User:Matthew Whiteside/Notebook/Malaria Microarray/2009/07/15
|Project name||Main project page|
Previous entry Next entry
Task 4.3: MAID meta-analysis of Human Malaria Microarray Datasets
Meta-analysis: Increase in the sensitivity & reliability of gene expression measurements by integrating results from different microarray datasets that address similar questions
Effect sizes: MAID uses effect sizes. Typical p-values represent the confidence that a observed relationship occurred by chance. Effect sizes measure the strength of the relationship (direction & magnitude of an effect). The effect size referred to here is the standardized measure of the differences in means between trmt & ctrl (see MAID paper).
The benefit of MAID over GeneMeta is that it accommodates direct microarray designs (2-color arrays).
Performing MAID meta-analysis
After preparing the microarray data into a array-level expression matrix (link), used R script ~/.../meta_analysis/maid_de_workflow.R.
Used the maid 1.0.1 bioconductor package provided by the authors. This uses old version of the exprSet objects - so i had to modify the code.
Arrays from contrasts: 1.1, 2.3, 3.1, 4.1, 5.1 were used in 1st meta-analysis. These microarray datasets come from very different tissues.
916 genes were identified as being DE (FDR < 0.05) by the MAID meta-analysis, 150 up / 766 dn. All results are in dir: .../meta_analysis/de_genes/maid/.
In MAID, either a FEM (fixed effects model) with no between study variation or a REM (random effects model) with between study variation is used (see MAID paper). To asses which model is appropriate - the hyp H0: τ2 = 0 is tested (τ2 between study variation).
Q-statistic (eqn 10 in paper) ignores between study variability and will follow a Chi-sq distribution (with degree = number experiments - 1) if H0 is true.
Q = Σ wj(γj - μFEM)2
γj is the observed effect size in study j and μFEM weighted least-sq mean:
μFEM = Σ wj · γj ÷ wj
Based on those results i went with REM.
One of the assumptions is that the transformed data (the effect size z-scores) are aproximately normal. To examine this i created a Q-Q normality plot with the REM model z-scores. Here is that figure. Is the data normal?

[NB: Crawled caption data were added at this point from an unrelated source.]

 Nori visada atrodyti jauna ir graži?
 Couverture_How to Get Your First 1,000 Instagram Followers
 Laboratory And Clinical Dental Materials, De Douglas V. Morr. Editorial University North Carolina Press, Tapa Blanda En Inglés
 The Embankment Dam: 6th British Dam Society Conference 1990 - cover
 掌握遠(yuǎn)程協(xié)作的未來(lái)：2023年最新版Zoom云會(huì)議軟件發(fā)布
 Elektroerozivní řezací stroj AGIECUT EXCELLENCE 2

MAID / GeneMeta also suggest plots to show the improvement in sensitivity & recall provided by the meta-analysis.
The IDR (improved discovery rate) plot shows the proportion of additional z-scores above a threshold in the combined studies vs the individual studies (i.e. what proportion of predictions by the meta-analysis are unique to the meta-analysis and would not be found by doing individual analysis). There is a line for positive effect sizes and negative effect sizes. Here is the IDR plot:
Here is a figure showing the combined and individual z-scores for contrast 2. You can see some changes (reversals of effect sizes), however there does appear to be an improvement in combined z-score for a select few of the genes - these will be the reinforced / highly-expressed genes found in other datasets.

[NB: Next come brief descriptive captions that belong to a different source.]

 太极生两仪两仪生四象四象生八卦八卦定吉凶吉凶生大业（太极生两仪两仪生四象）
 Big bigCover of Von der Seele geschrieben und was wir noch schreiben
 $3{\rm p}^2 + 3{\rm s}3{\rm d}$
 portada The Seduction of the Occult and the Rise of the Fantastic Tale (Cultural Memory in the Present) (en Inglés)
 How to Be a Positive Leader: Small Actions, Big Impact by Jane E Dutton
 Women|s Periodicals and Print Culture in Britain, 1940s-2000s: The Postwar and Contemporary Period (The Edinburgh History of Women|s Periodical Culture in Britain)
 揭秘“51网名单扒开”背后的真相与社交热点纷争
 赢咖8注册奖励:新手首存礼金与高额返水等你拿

TAKE HOME: The IDR is low and number of genes identified is also low relative to some of the datasets. The only benefit of meta-analysis here is generalization - common malaria genes that will be active in many tissues. There also may be problems with including this diverse of datasets - as the normality assumption may be violated.
I ran GO term and pathway ora analysis (InnateDB) using the 916 genes identified from the meta-analysis. Results are in .../malaria_data/meta_analysis/ora/maid/.

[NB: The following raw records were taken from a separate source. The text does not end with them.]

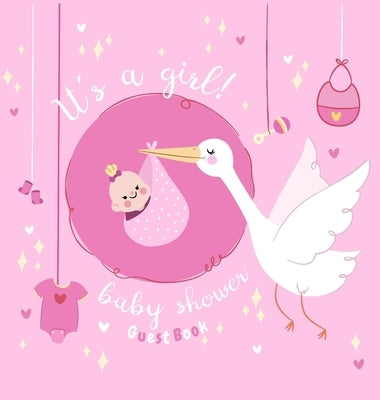 Baby Shower Guest Book: It's a Girl! Pink Stork Alternative Theme, Wishes to Baby and Advice for Parents, Guests Sign in Personalized with Add by Tamore, Casiope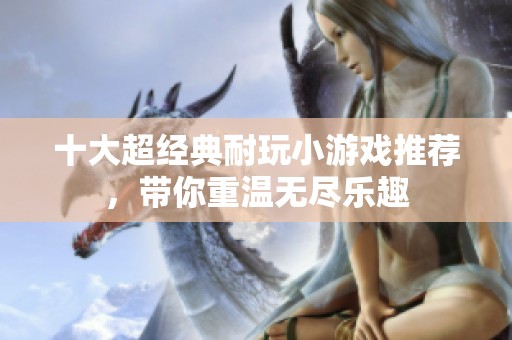 十大超经典耐玩小游戏推荐，带你重温无尽乐趣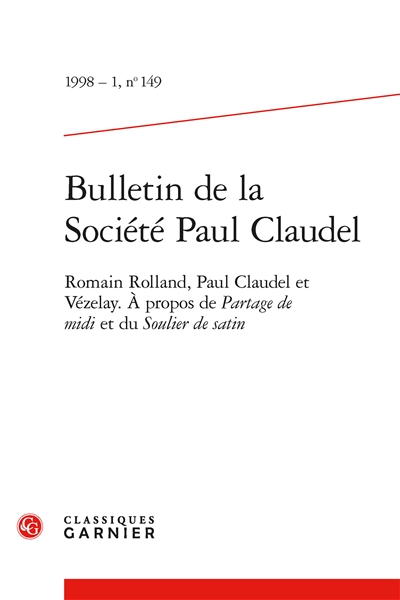 Bulletin de la Société Paul Claudel, n° 149. Romain Rolland, Paul Claudel et Vézelay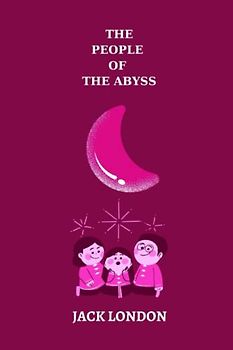 The People of the Abyss by jack london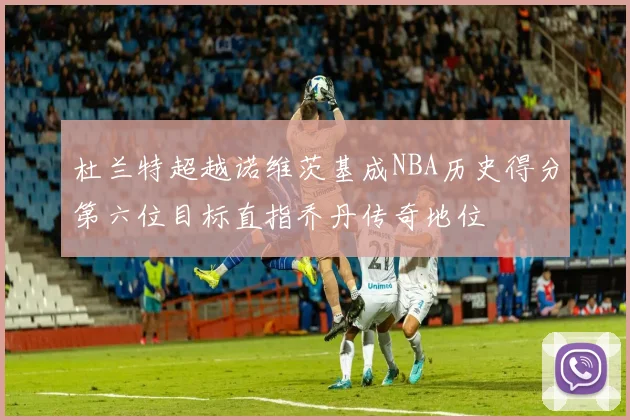 杜兰特超越诺维茨基成NBA历史得分第六位目标直指乔丹传奇地位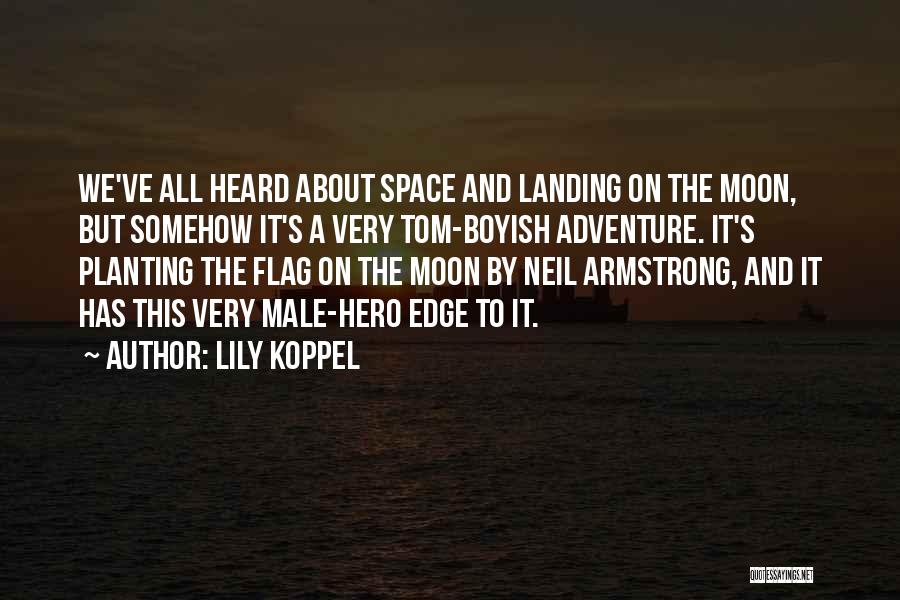 Lily Koppel Quotes 1893138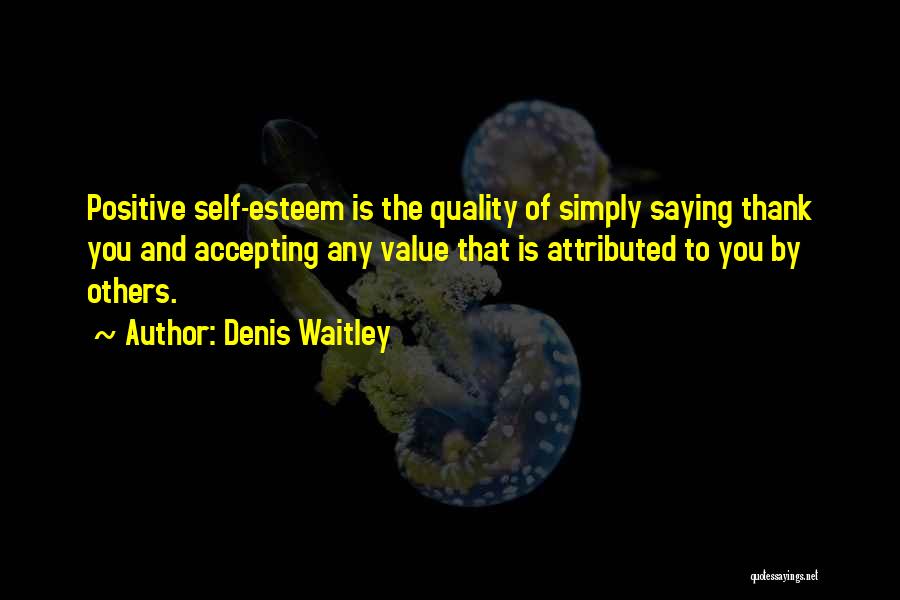 Quality And Value Quotes By Denis Waitley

764 pathways were found associated with genes. 0 were statistically significant after Benjamini-hochburg multiple hypothesis correction (FDR < 0.05). One reason for this - the genes identified by the meta-analysis were core, downstream genes; TNF, INF-gamma, STAT etc. These are in many pathways - so result in large numbers of predictions. The BH correction probably assumes 765 independent predictions were made - this is not true, since many of the predictions were dependent.
This is similar for the 1761 GO terms.
Another note: many of the pathways and GO terms associated with down-reg genes are core processes like transcription, translation etc. This is not surprising since infected cells will go into a state of cellular senescence.